◆ What you are asked to do ◆
Return nothing but the lines from the one with "Robe cocktail élégante" through the one with "1261 SE 27th St # 104, Homestead FL 33035" in the data below, word for word and without pictures.

◆ Data records ◆
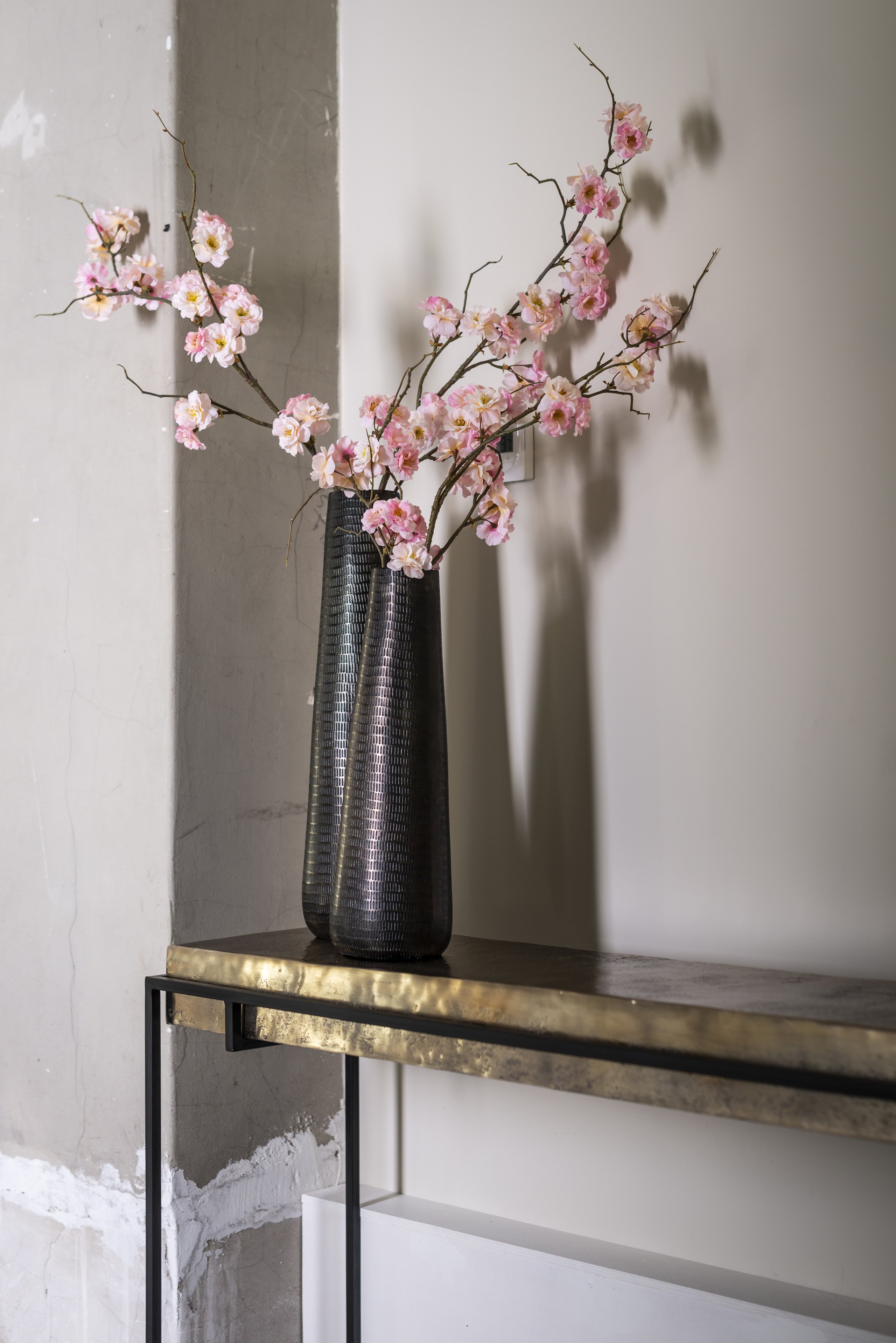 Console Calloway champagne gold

* * *

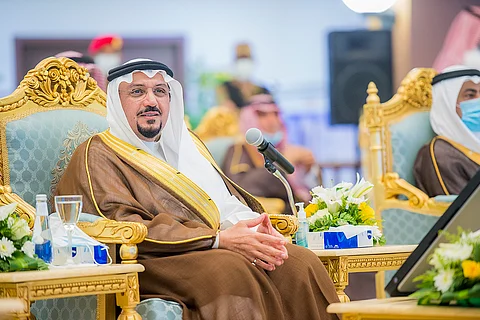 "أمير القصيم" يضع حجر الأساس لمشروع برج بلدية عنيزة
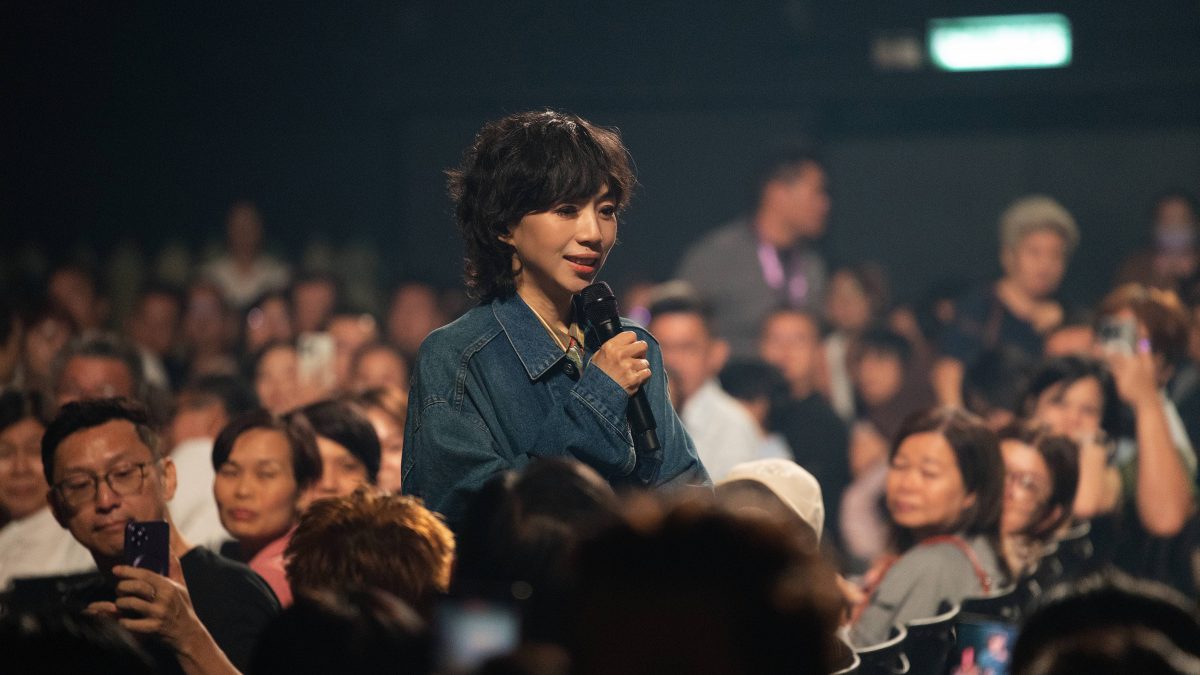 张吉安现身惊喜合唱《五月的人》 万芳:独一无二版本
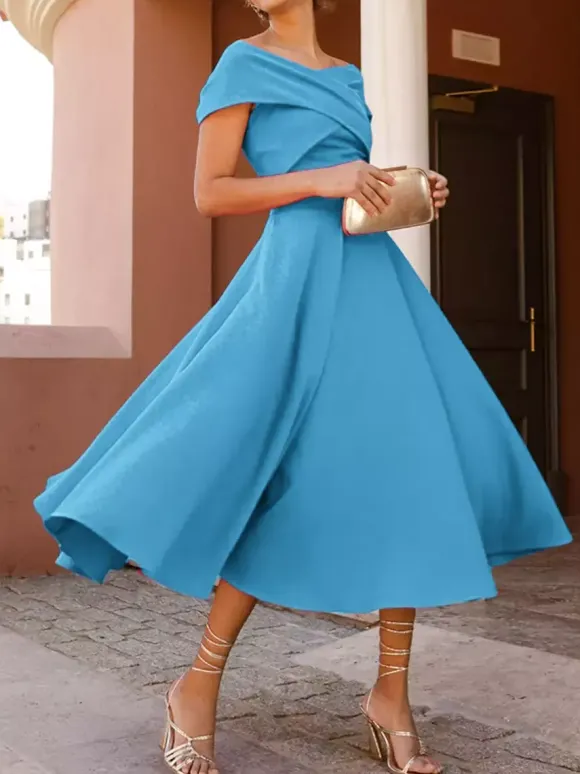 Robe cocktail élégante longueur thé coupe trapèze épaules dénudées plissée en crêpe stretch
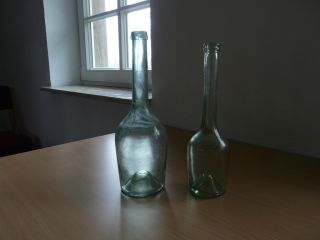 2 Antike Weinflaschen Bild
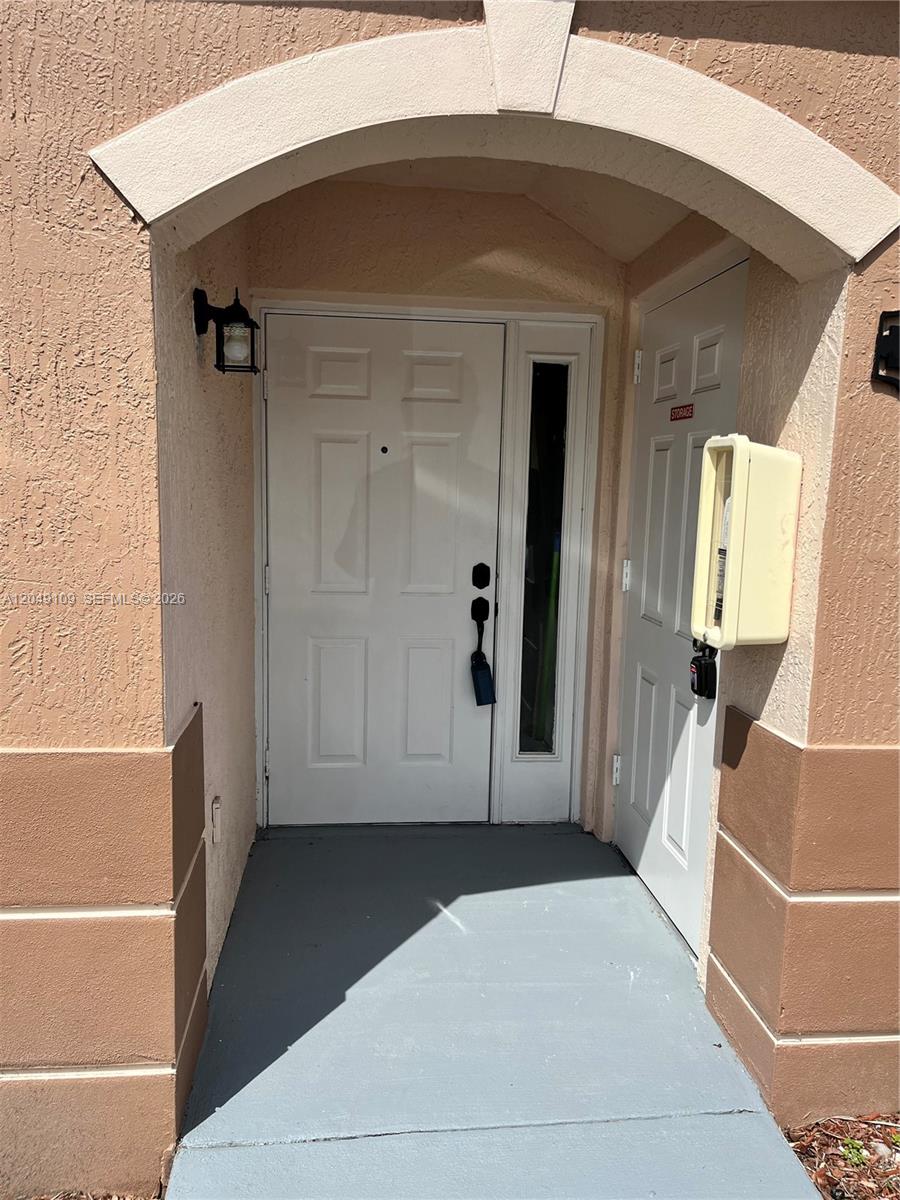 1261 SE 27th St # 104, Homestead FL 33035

◆ Answer section ◆
 Robe cocktail élégante longueur thé coupe trapèze épaules dénudées plissée en crêpe stretch
 2 Antike Weinflaschen Bild
 1261 SE 27th St # 104, Homestead FL 33035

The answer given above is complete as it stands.